### Input data:
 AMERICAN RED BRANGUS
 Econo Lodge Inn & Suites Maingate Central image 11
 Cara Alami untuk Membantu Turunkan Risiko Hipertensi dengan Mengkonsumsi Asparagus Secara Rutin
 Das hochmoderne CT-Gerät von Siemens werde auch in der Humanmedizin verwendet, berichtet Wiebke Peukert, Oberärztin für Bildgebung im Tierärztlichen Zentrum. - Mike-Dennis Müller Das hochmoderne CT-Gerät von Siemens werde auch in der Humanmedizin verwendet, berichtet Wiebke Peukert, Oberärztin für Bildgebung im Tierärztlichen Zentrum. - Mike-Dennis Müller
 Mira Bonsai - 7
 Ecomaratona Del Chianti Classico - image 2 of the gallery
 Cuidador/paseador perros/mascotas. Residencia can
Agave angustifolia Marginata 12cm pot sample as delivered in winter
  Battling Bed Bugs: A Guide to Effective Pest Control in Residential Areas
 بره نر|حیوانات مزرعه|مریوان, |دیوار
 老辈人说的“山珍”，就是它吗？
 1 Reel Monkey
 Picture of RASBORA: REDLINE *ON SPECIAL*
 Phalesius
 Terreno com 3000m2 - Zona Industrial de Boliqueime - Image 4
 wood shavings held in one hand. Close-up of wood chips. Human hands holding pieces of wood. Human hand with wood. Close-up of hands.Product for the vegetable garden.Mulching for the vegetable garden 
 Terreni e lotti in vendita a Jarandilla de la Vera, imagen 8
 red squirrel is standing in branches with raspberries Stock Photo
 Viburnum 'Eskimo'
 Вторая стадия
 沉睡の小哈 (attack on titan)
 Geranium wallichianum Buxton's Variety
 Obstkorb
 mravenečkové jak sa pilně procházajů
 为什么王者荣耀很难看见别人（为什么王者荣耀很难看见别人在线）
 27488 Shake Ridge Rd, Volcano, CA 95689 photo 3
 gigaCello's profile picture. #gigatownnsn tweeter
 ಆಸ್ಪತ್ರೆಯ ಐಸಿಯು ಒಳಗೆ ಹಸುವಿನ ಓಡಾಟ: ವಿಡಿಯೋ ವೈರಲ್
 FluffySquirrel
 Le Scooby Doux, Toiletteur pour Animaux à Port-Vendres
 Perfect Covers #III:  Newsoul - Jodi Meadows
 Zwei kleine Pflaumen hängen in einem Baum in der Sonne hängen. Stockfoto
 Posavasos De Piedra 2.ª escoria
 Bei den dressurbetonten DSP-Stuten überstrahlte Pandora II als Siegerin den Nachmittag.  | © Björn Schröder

### Directions for this task:
Your answer must be the lines above, unchanged, from the first one through the line that holds "Terreni e lotti", inclusive, and no others.

### Response:
 AMERICAN RED BRANGUS
 Econo Lodge Inn & Suites Maingate Central image 11
 Cara Alami untuk Membantu Turunkan Risiko Hipertensi dengan Mengkonsumsi Asparagus Secara Rutin
 Das hochmoderne CT-Gerät von Siemens werde auch in der Humanmedizin verwendet, berichtet Wiebke Peukert, Oberärztin für Bildgebung im Tierärztlichen Zentrum. - Mike-Dennis Müller Das hochmoderne CT-Gerät von Siemens werde auch in der Humanmedizin verwendet, berichtet Wiebke Peukert, Oberärztin für Bildgebung im Tierärztlichen Zentrum. - Mike-Dennis Müller
 Mira Bonsai - 7
 Ecomaratona Del Chianti Classico - image 2 of the gallery
 Cuidador/paseador perros/mascotas. Residencia can
Agave angustifolia Marginata 12cm pot sample as delivered in winter
  Battling Bed Bugs: A Guide to Effective Pest Control in Residential Areas
 بره نر|حیوانات مزرعه|مریوان, |دیوار
 老辈人说的“山珍”，就是它吗？
 1 Reel Monkey
 Picture of RASBORA: REDLINE *ON SPECIAL*
 Phalesius
 Terreno com 3000m2 - Zona Industrial de Boliqueime - Image 4
 wood shavings held in one hand. Close-up of wood chips. Human hands holding pieces of wood. Human hand with wood. Close-up of hands.Product for the vegetable garden.Mulching for the vegetable garden 
 Terreni e lotti in vendita a Jarandilla de la Vera, imagen 8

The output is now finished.